Opinion | As US, China and Russia fight for AI supremacy in new hyperwar battlefield, will good sense prevail?
- In this ‘who dares wins’ race, the US has a lead in deep-learning algorithms but China and Russia are making greater strides in applications, unencumbered by privacy or rights concerns
Will artificial intelligence (AI) ever possess the nuance, intuition, and gut instinct necessary to be a good military or intelligence analyst? The jury will be out on that question for some time, but the world’s leading governments continue to develop AI with military applications under the presumption that, eventually, machines will possess that ability. China, Russia, and the United States are in a race to determine which country will dominate the AI landscape first.
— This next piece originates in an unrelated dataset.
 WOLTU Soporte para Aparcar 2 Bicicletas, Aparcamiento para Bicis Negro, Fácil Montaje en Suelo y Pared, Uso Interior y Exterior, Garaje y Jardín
That said, US researchers have trained deep-learning algorithms to identify Chinese surface-to-air missile sites hundreds of times faster than their human counterparts. The algorithms helped individuals with no experience of imagery analysis to find the missile sites scattered across nearly 90,000 square kilometres of southeastern China, for example. The neural network used matched the 90 per cent accuracy of human experts while reducing the man-hours needed to analyse potential missile sites from 60 hours to just 42 minutes. This has proven extremely useful, as satellite imagery analysts were drowning in a deluge of big data.
At the operational level, commanders will be able to “sense”, “see” and engage enemy formations far more quickly by applying machine learning algorithms to collect and analyse huge quantities of information, and direct swarms of complex, autonomous systems to simultaneously attack the enemy.